2023’s Hall of Fame induction ceremony was held on April 27 at the Gordon Center for Performing Arts, with honors given out in its theater. Deborah Weiner, co-anchor of WBAL-TV 11, served as the master of ceremonies, a position she has held for several years.

Leonard Stoler (Courtesy of JCC of Greater Baltimore)

Esther Greenberg, chief advancement officer of the JCC, expanded upon the process used to select honorees for each year. She explained that there is a pool of community-nominated names dating back to the Hall of Fame’s founding, with around 150 up for consideration at any given time. A selection committee reviews the list of names each year, narrowing it down through a series of votes.

“Over the years, we’ve collected a repository of lots of names and created different categories for them, so we can feature people from diverse backgrounds and industries each year,” Greenberg said.

Inductees for the year include the Sol Levinson Funeral Home, which serves as the premier Jewish funeral home in the Baltimore area; educational and medical philanthropist Lowell Glazer, who has supported education for Jewish children with disabilities as well as LifeBridge Health; and Dr. Steven S. Sharfstein, president emeritus of Sheppard Pratt Health System.

There are also three posthumously awarded inductees: Louis “Buddy” Sapolsky, former president and CEO of the JCC of Greater Baltimore who died in September 2022; Rabbi Israel M. Goldman, who served as the senior rabbi for Chizuk Amuno Congregation from 1948 to 1976; and Harold Goldsmith, a philanthropist. (Goldsmith is being inducted with his wife, Beth Goldsmith, former board chair of The Associated: Jewish Federation of Baltimore.)

An inductee who may be especially well-known to those who watch local television is Rhea Feikin, a Maryland Public Television personality who retired from the network in 2020. She now sits on the board of the MPT Foundation as its vice chair and is responsible for the foundation’s fundraising programs and charitable efforts. When MPT created its Walk of Fame in 2010, hers was the first name unveiled for it.
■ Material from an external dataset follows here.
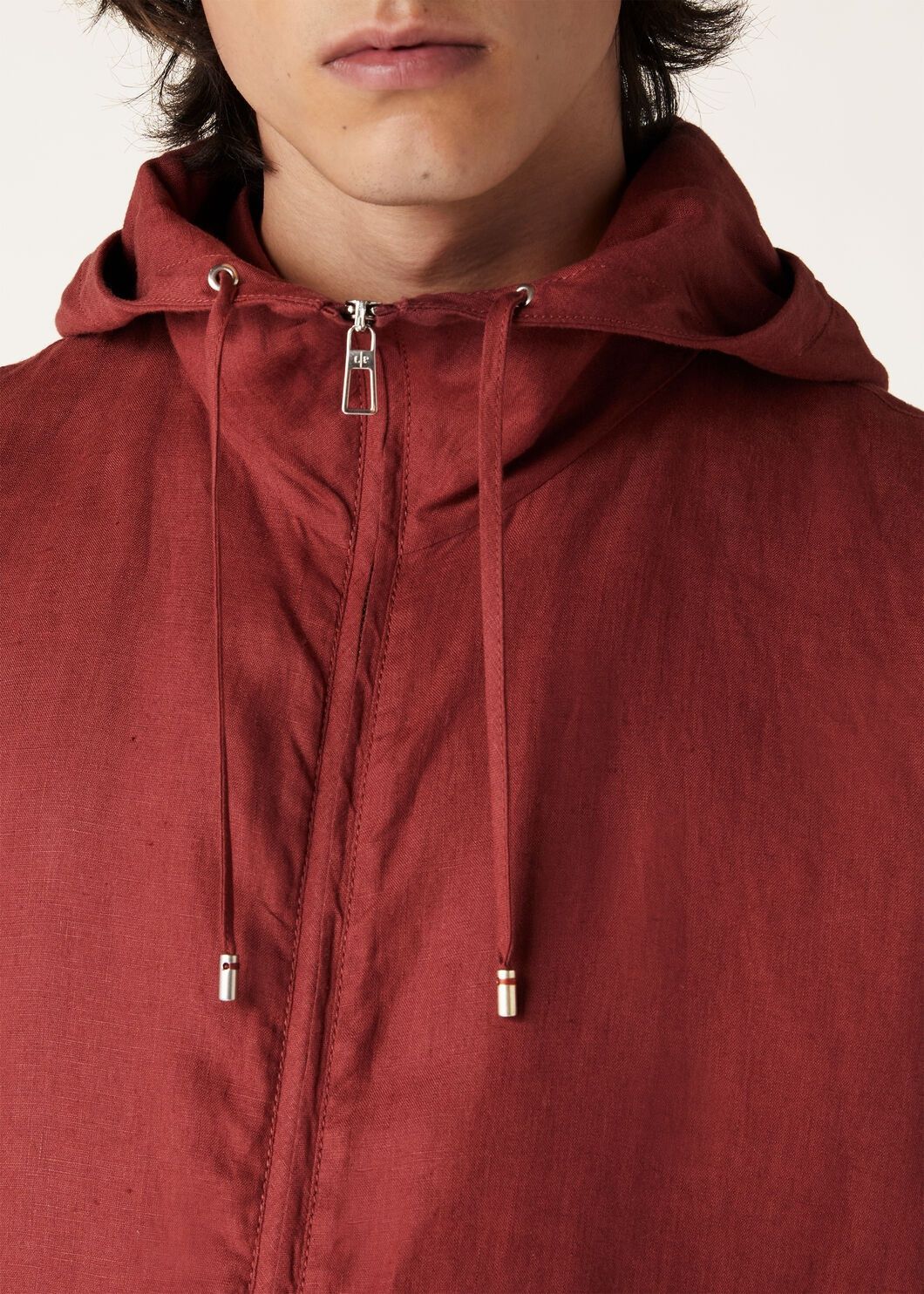 Loro Piana o1srvl11e0325 Bomber Jacket in Burgundy Size US M / EU 48-50 / 2 - 3 Thumbnail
Louis “Buddy” Sapolsky (Courtesy of JCC of Greater Baltimore)

“I was absolutely stunned to be told about [the Baltimore Jewish Hall of Fame] and thrilled to be included,” Feikin said. “It means a great deal to me.”

Many of the Hall of Fame’s inductees are people who have engaged in philanthropy and charity, something the JCC holds in high regard.

“You have to be Jewish [to be nominated], but your work doesn’t need to be in the Jewish world,” Greenberg said. “But we’re looking for people doing tikkun olam and other mitzvot, and who have channeled their success into giving back.”

In addition to honoring important figures in the local community, the Hall of Fame also serves as a fundraiser for the JCC. Money from the Hall of Fame’s sponsors and ticket sales from the induction ceremony are put toward financial assistance for low-income families so their children can participate in JCC programs. “Our goal is to never turn away any child or teen because of a family’s financial constraints,” the Hall of Fame website reads.

“Together, [this year’s honorees’] lives reflect the Jewish value of tikkun olam — ‘repairing the world,’” said Ron Attman, the Hall of Fame’s other co-chair.